Except as set forth above, there is no arrangement or understanding between Mr. Heaf and any other person pursuant to which Mr. Heaf has been appointed as Chief Executive Officer, and there is no family relationship between Mr. Heaf and any of the Company’s directors or executive officers. Mr. Heaf has no interest in any transaction required to be disclosed pursuant to Item 404(a) of Regulation S-K.
Ms. Boswell’s termination of employment will entitle her to the severance payments and benefits payable upon a termination without cause pursuant to the terms of the previously disclosed executive severance agreement between the Company and Ms. Boswell, dated December 1, 2022, subject to the terms thereof, including the Company’s receipt of an effective release of claims against the Company from Ms. Boswell. The executive severance agreement with Ms. Boswell is filed as Exhibit 10.16 to the Company’s Annual Report on Form 10-K for the fiscal year ended February 1, 2025, filed with the Securities and Exchange Commission on March 14, 2025. Following her separation, Ms. Boswell will continue to be subject to certain restrictive covenants, including non-competition and non-solicitation covenants.
Item 7.01. Regulation FD Disclosure.
On May 19, 2025, the Company issued a press release announcing the appointment of Mr. Heaf and the departure of Ms.
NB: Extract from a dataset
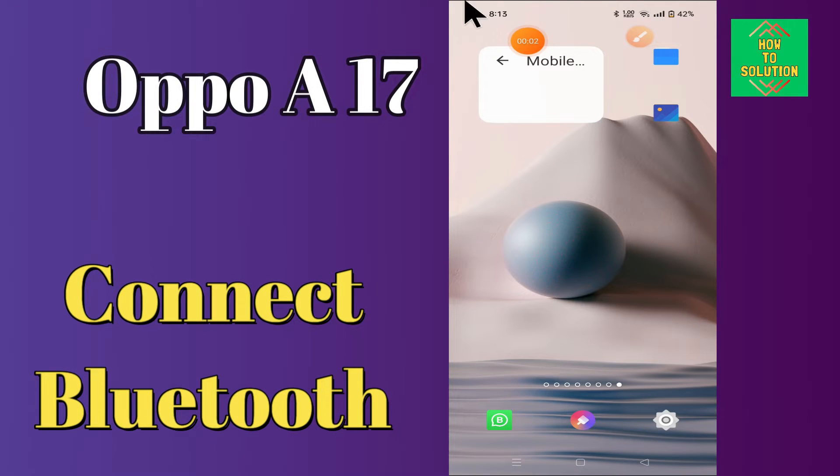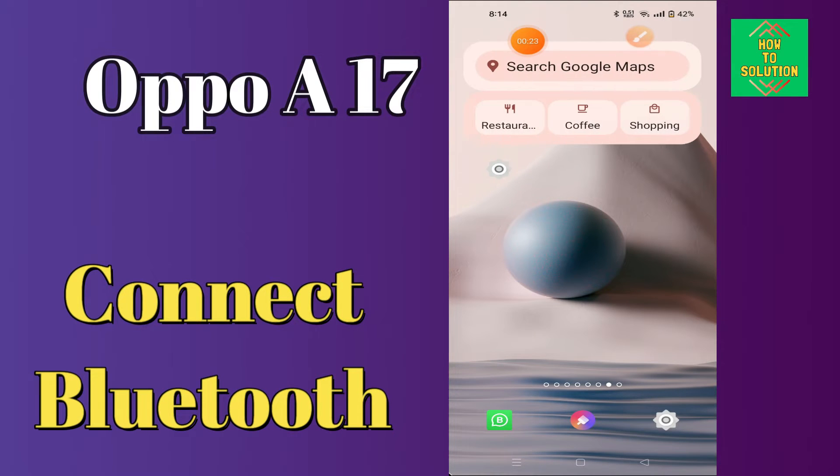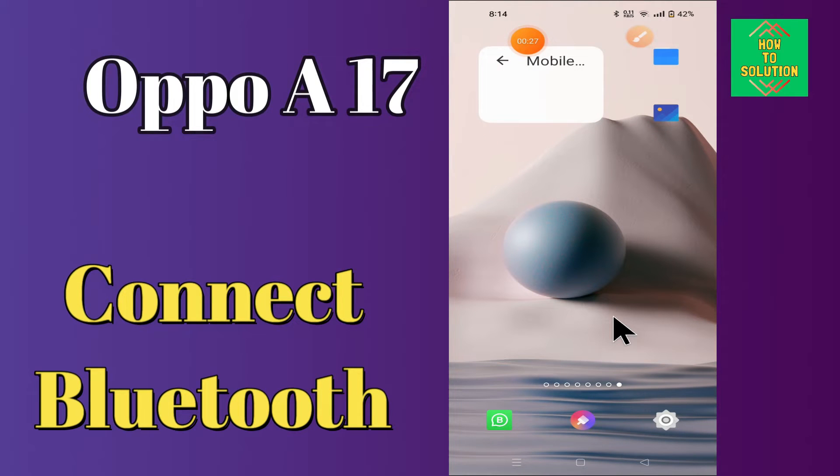Hi everyone, today in this video I'll tell you how you can connect Bluetooth accessories to your Oppo A17. I'll show you how to connect Bluetooth wireless earbuds to this device. If you're having any issue or don't know how to connect, I'll show you the right way. If you are new to my channel, don't forget to subscribe and press the bell icon. Watch the complete video and learn how you can do it.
Boswell, a copy of which is furnished with this Current Report as Exhibit 99.1 and incorporated into this Item 7.01 by reference.
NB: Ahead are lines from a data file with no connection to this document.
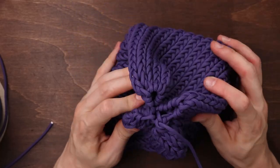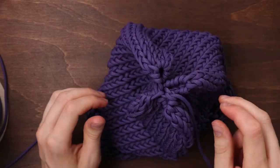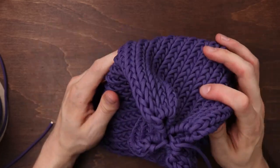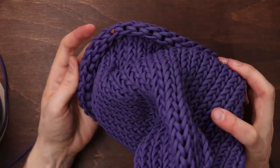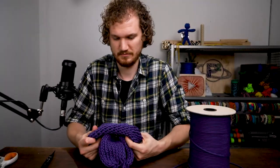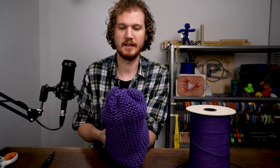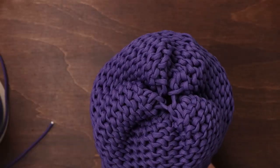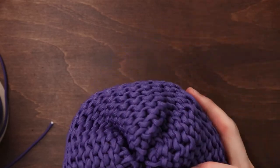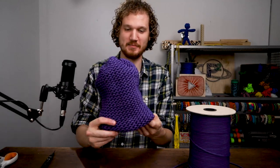That's actually not looking too bad — kind of have that cross shape I was going for. In one of the tutorials I watched on doing this with yarn the right way, they turned it inside out at this point, so I'm just gonna see how that looks, if I can even get it turned inside out. No problem — there we go. Yeah, that's rather nice. Looks like the bottom of a pop bottle. Okay, that's looking like a beanie now.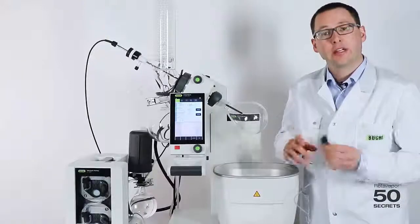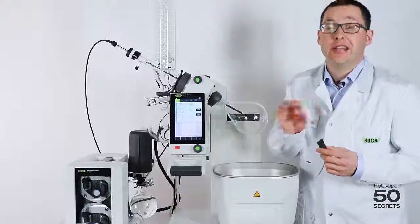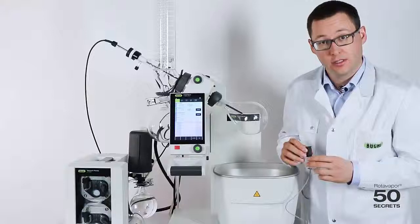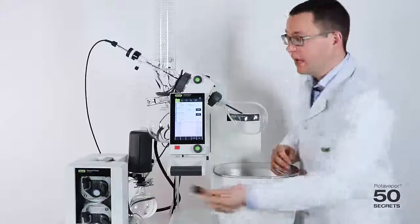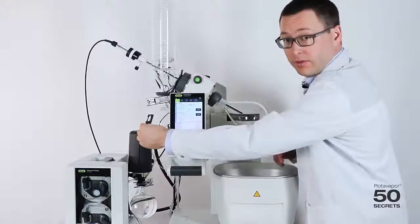I have connected the level sensor to the V300. We use the level port — it's compatible with either the V300 or the V600. I can use this on the receiving flask of the secondary condenser, or on the receiving flask of the rotary evaporator.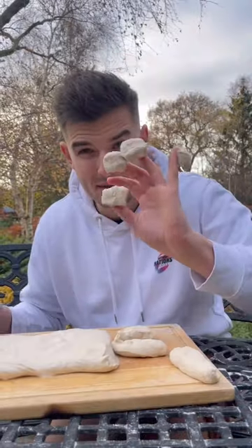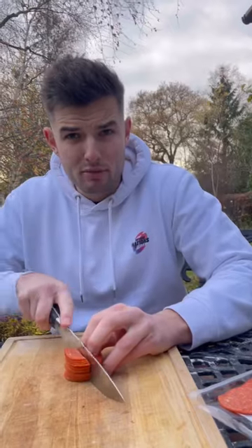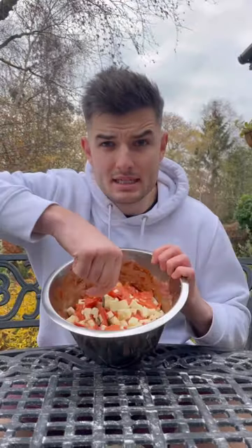I made a batch of dough, which I'll cut up into these little niblets. Then I get some pizza sauce and garlic butter in, and drop in all my dough. Then I'll slice some pepperoni and mozzarella, and into the bowl and mix through.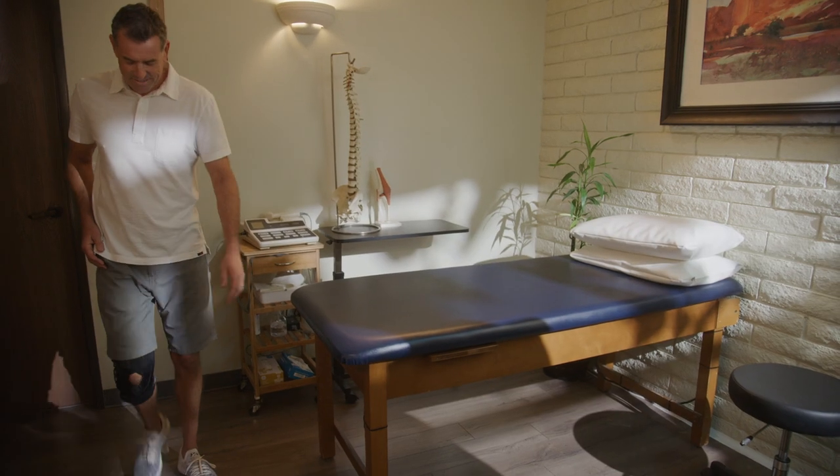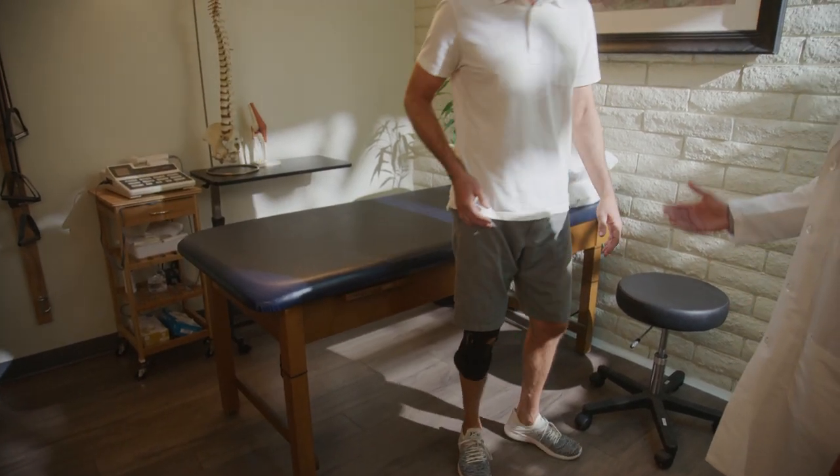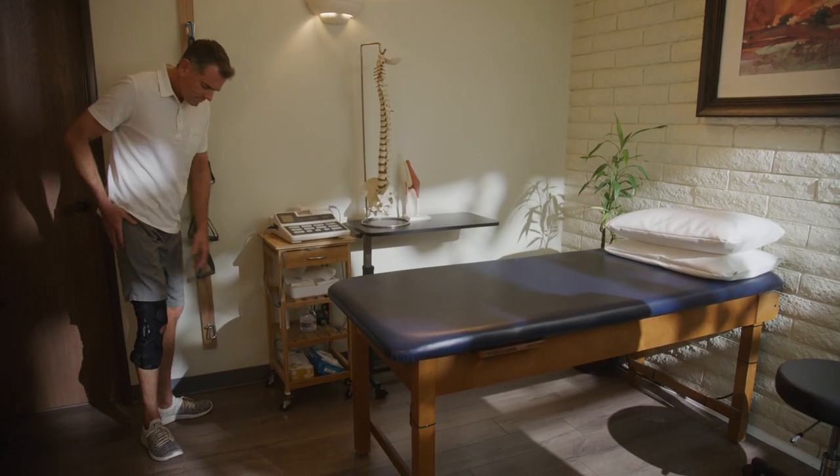For optimum results, the brace should stay in position and not move up or down while the patient is walking around. Clinicians should always determine proper adjustments, wear time, and flexion and extension limits.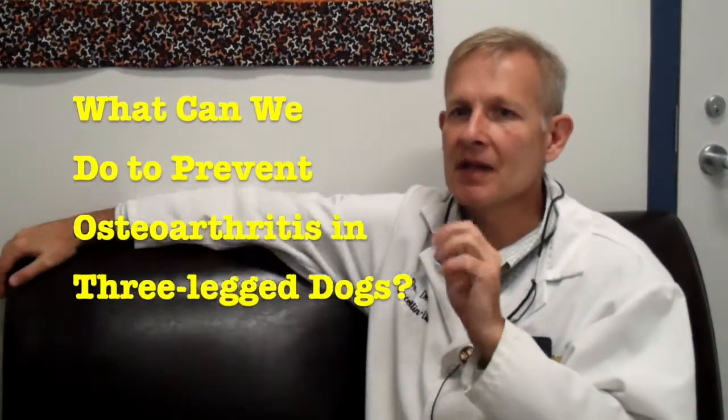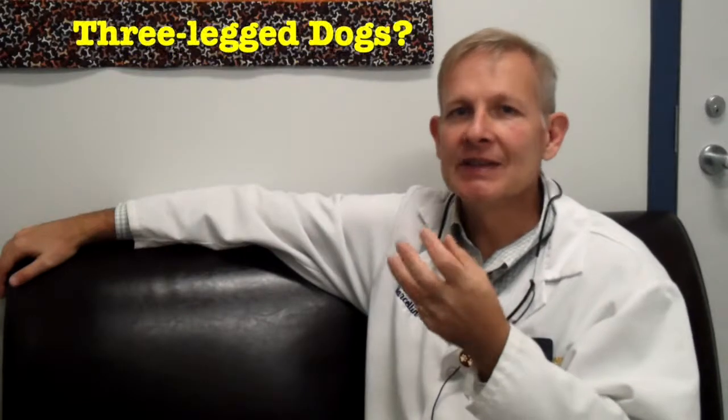Osteoarthritis is so common in dogs — we generally float the number of one in five dogs having osteoarthritis, and we don't even know if these numbers are fully accurate, but it's basically super common. So if your dog is an amputee, it's still going to be at high risk of osteoarthritis.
The information in this Item 7.01 of this Current Report (including Exhibit 99.1) shall not be deemed to be “filed” for the purposes of Section 18 of the Exchange Act, or otherwise subject to the liability of such section, nor shall such information be deemed incorporated by reference in any filing under the Securities Act of 1933, as amended, or the Exchange Act, regardless of the general incorporation language of such filing, except as shall be expressly set forth by specific reference in such filing.
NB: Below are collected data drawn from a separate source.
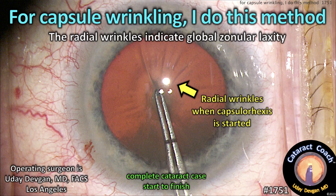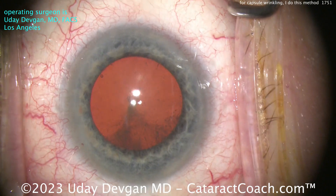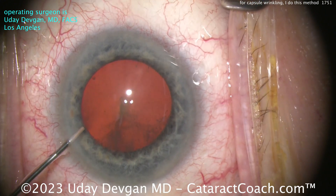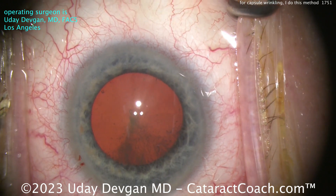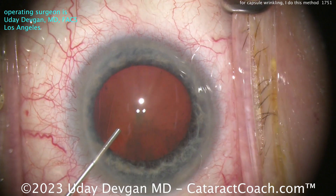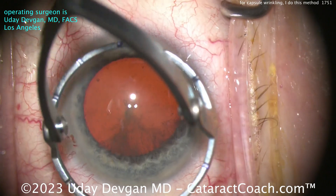On cataractcoach.com, for capsule wrinkling I do this method — these radial wrinkles indicate global zonular laxity. Let me show you a whole case start to finish. We've got a normal parazonular, looks like reasonable dilation, patient is about mid-80s. Going in with some anesthetic, no issues so far. Lens looks pretty stable. Coming over with the viscoelastic, everything looks pretty normal. The patient's pre-op exam — nothing out of the ordinary, completely normal pre-op exam, pretty good dilation.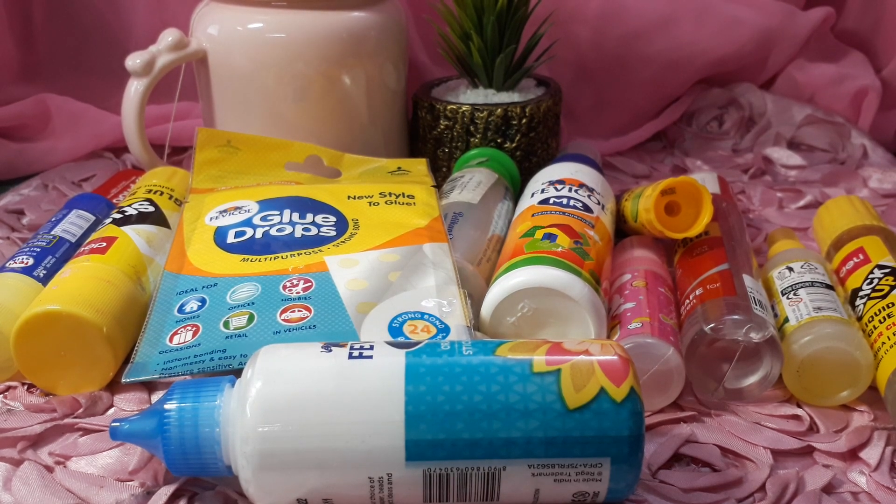Today I am going to show all my crafting glue collection. Hi everyone, welcome to my channel. Good evening, you are welcome. In this video, I am going to show my crafting glue collection.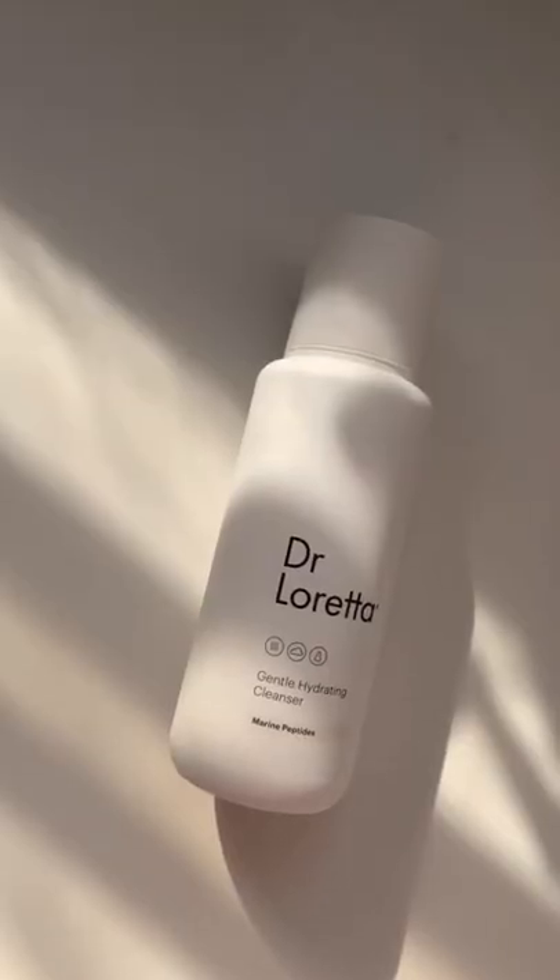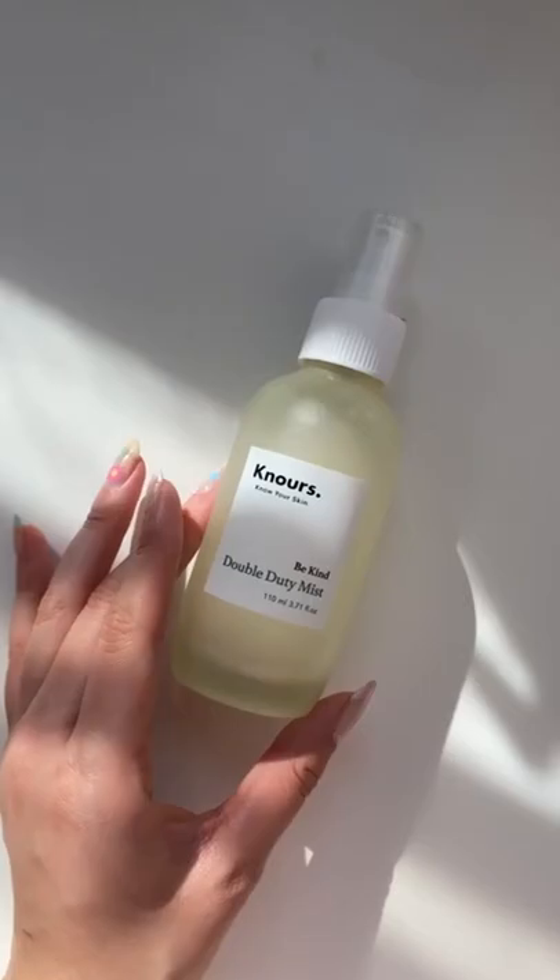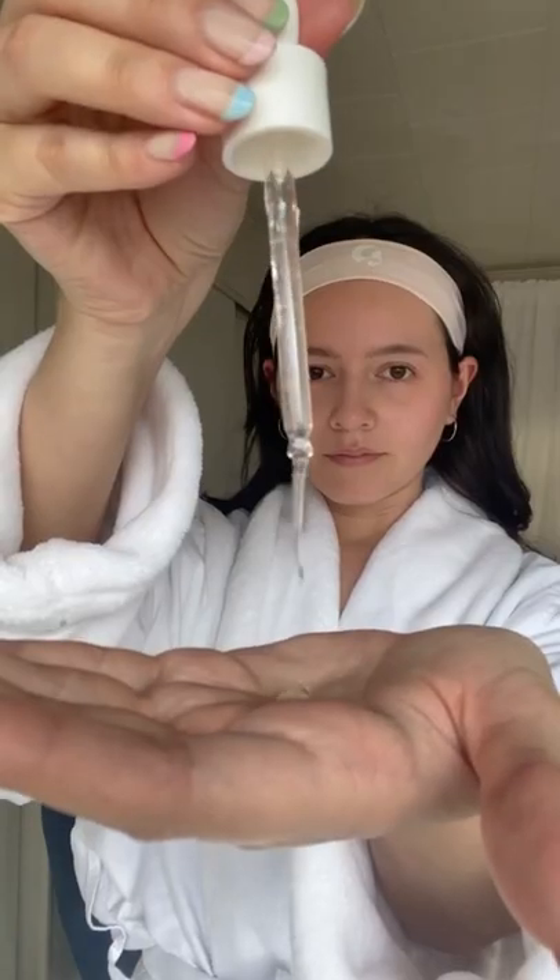Hi, Francine here with a quick and simple winter skincare routine. Starting off with a clean base, of course, and I'm using the Noir's Double Duty Mist as a toner — it's so soothing. I'm also using the Sweet Rescue Bubble Burst Serum to add more hydration.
Item 9.01. Financial Statements and Exhibits.
(d) Exhibits.
| Exhibit No. | Description |
|---|---|
| 99.1 | Press Release of Bath & Body Works, Inc., dated May 19, 2025. |
| 104 | Cover Page Interactive Data File (embedded within the Inline XBRL document). |
2
SIGNATURES
Pursuant to the requirements of the Securities Exchange Act of 1934, the registrant has duly caused this report to be signed on its behalf by the undersigned hereunto duly authorized.
| BATH & BODY WORKS, INC. | ||
|---|---|---|
| Date: May 19, 2025 | By: | /s/ Michael C. Wu |
| Name: Michael C. Wu | ||
| Title: Chief Legal Officer and Corporate Secretary |
EX-99.1
Exhibit 99.1
Bath & Body Works Appoints Daniel Heaf as Chief Executive Officer
Heaf Brings Proven Track Record of Driving Growth Across Iconic Global Consumer Brands Through Product, Retail, and Marketing Transformation
Company Pre-Announces First Quarter 2025 Net Sales of $1.4 billion and Earnings PerDiluted Share
of $0.49, Meeting the High End of Sales Guidance and Exceeding EPS Guidance;
Maintains 2025 Full-Year Outlook
COLUMBUS, Ohio, May 19, 2025 (GLOBE NEWSWIRE) – Bath & Body Works, Inc. (NYSE: BBWI) today announced that the Company’s independent directors voted unanimously to appoint Daniel Heaf as Chief Executive Officer, effective immediately. Heaf will be appointed as a member of the Board immediately following the conclusion of the Company’s 2025 Annual Meeting of Shareholders.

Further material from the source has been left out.